"Research cloning would contradict the most fundamental principle of medical ethics, that no human life should be exploited or extinguished for the benefit of another," said the president in a 2002 speech. "Yet a law permitting research cloning, while forbidding the birth of a cloned child, would require the destruction of nascent human life."

 His thinking comported with the ethical principles stated in the Nuremburg Code issued by the American military tribunal that tried Nazi doctors after World War II. "No experiment," said the code, "should be conducted where there is an a priori reason to believe that death or disabling injury will occur . . ."

 On July 13, Kerry joined Sens. Orrin Hatch, R.-Utah, and Dianne Feinstein, D.-Calif., as co-sponsor of a bill that would do exactly what Bush is trying to stop: legalize the cloning of human beings while requiring those human beings to be killed. (The bill, S. 303, carries the misleading title, "Human Cloning Ban and Stem Cell Research Protection Act of 2003.")
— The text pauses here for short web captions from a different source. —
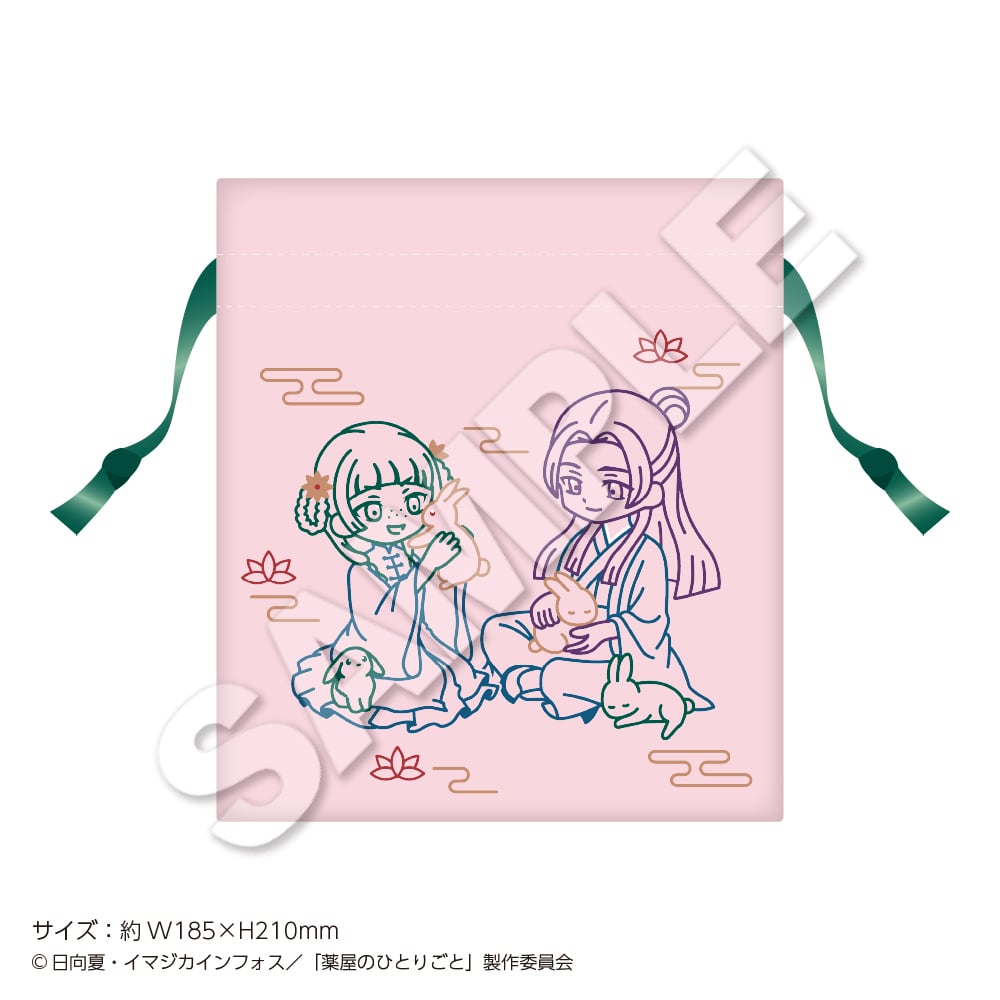 TVアニメ『薬屋のひとりごと』POP UP STORE in ハンズ 刺繍巾着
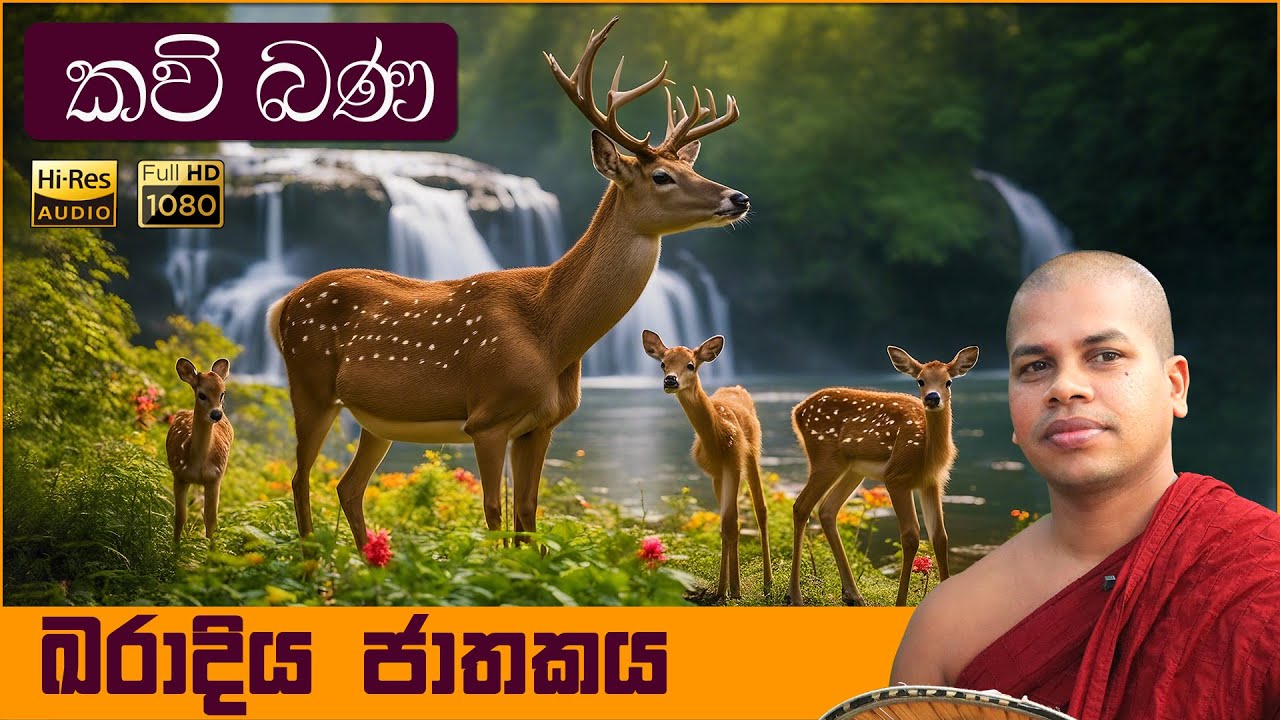 ඛරාදිය ජාතකය | Karadiya Jathakaya | සිංහල කවි බණ | Sinhala Kavi Bana | Jathaka Katha | ජාතක කතා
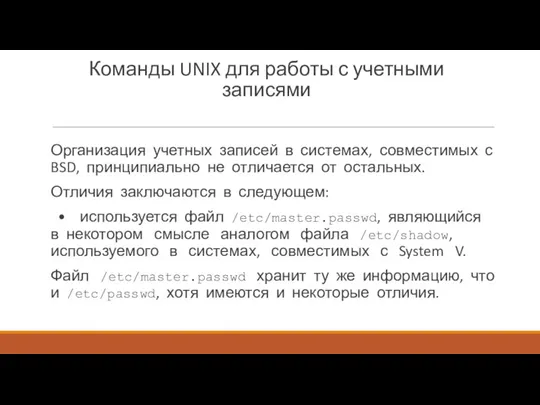 Команды UNIX для работы с учетными записями Организация учетных записей
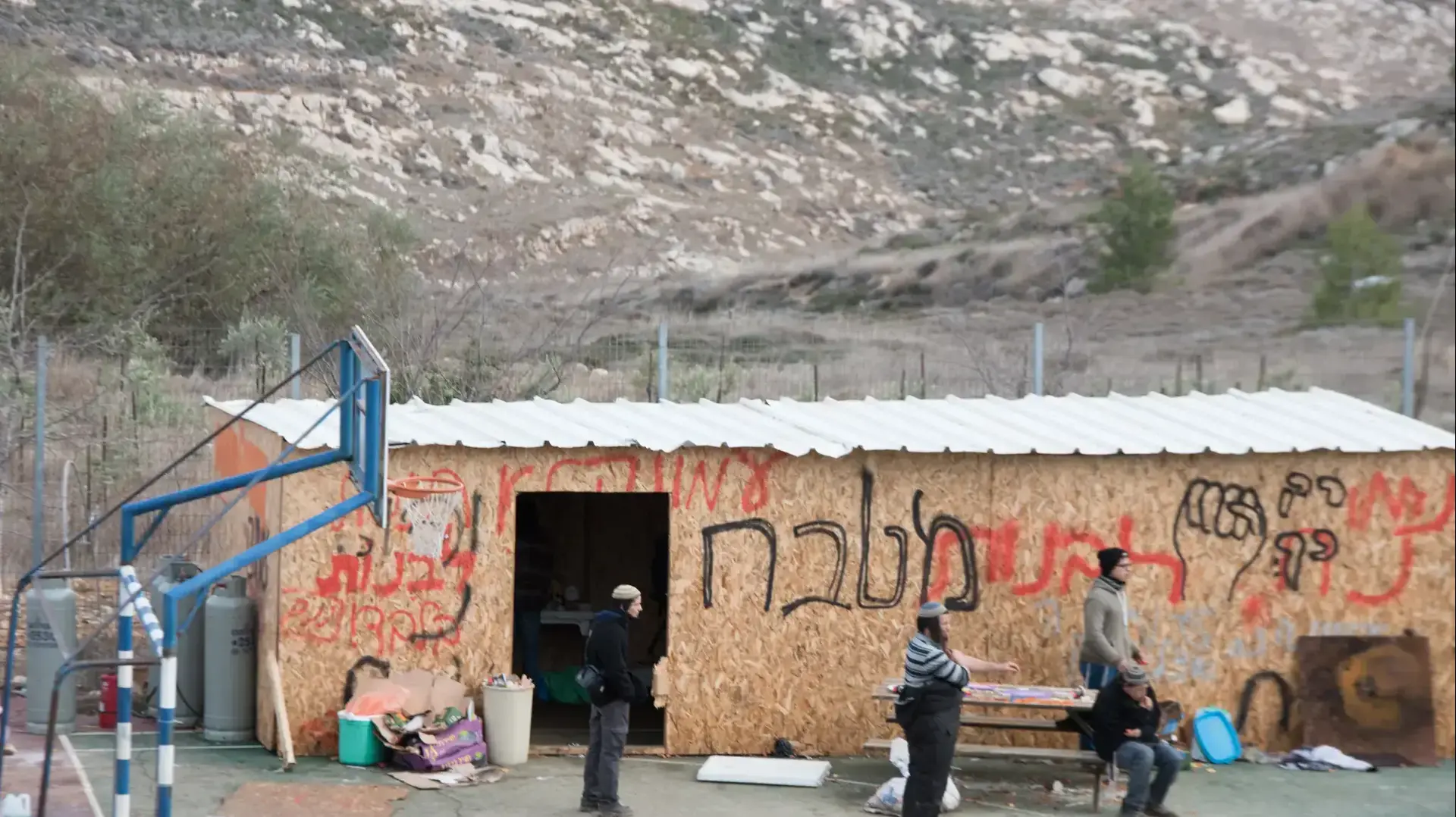 מאחז עמונה לאחר שהתושבים שסירבו להתפנות בהסכמה, 15 בדצמבר 2016 מאחז עמונה לאחר שהתושבים שסירבו להתפנות בהסכמה, 15 בדצמבר 2016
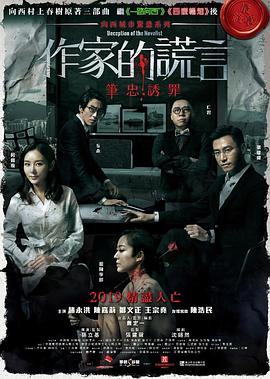 穿书女配被强啪h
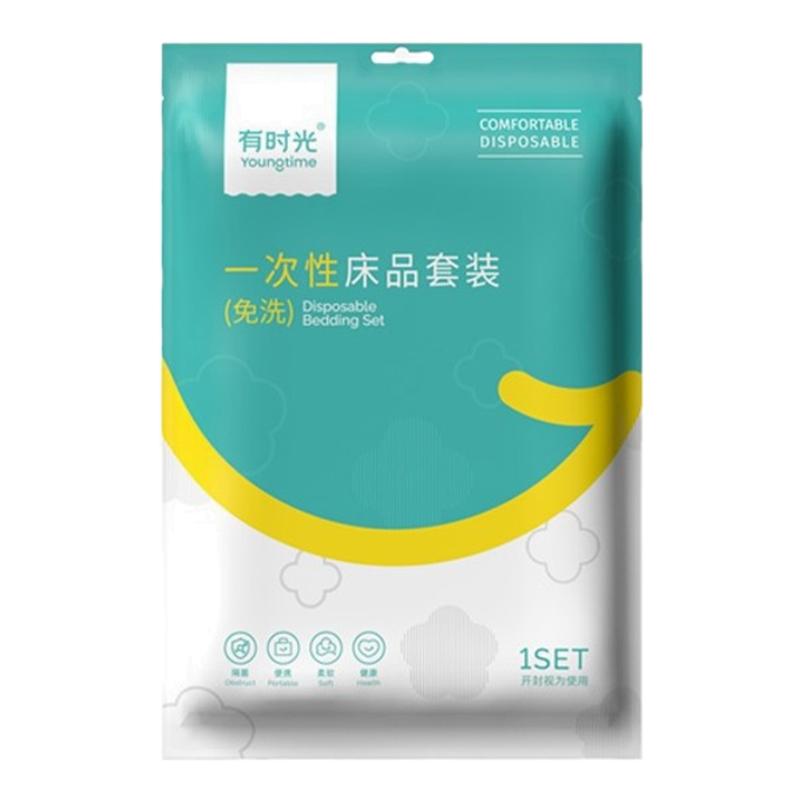 有时光旅行一次性床单被罩枕套三四件套被套隔脏睡袋出差酒店用品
  "S. 303 does not outlaw the act of human cloning at all," writes Discovery Institute Senior Fellow Wesley J. Smith in The Weekly Standard. "Indeed, if passed, Hatch-Feinstein-Kerry would explicitly legalize doing in humans the very procedure -- somatic cell nuclear transfer (SCNT) -- that was used to make Dolly the sheep." (Emphasis in original.)

 Hatch-Feinstein-Kerry simply redefines the term "human cloning." Artificially crafting a human embryo that is the genetic duplicate of another human being is not "human cloning," according to the bill. "Human cloning" is only the act of placing the duplicated human being in a mother's womb -- or a substitute for a womb.

  "The term 'human cloning,'" says the bill, "means implanting or attempting to implant the product of nuclear transplantation into a uterus or the functional equivalent of a uterus."

 If implanted, this "product of nuclear transplantation" would do the same thing as any other implanted human embryo: It would become a human fetus, infant, toddler, teenager. The Hatch-Feintein-Kerry solution: Death at 14 days.

 In the "Fourteen Day Rule," the bill refers to a cloned human being as "an unfertilized blastocyst" and says: "An unfertilized blastocyst shall not be maintained after more than 14 days from its first cell division . . ."

 Just as Kerry says he wants to lift a ban on stem-cell research that Bush never imposed, he also wants to legalize the cloning and killing of human beings while pretending to prohibit cloning and serve human life.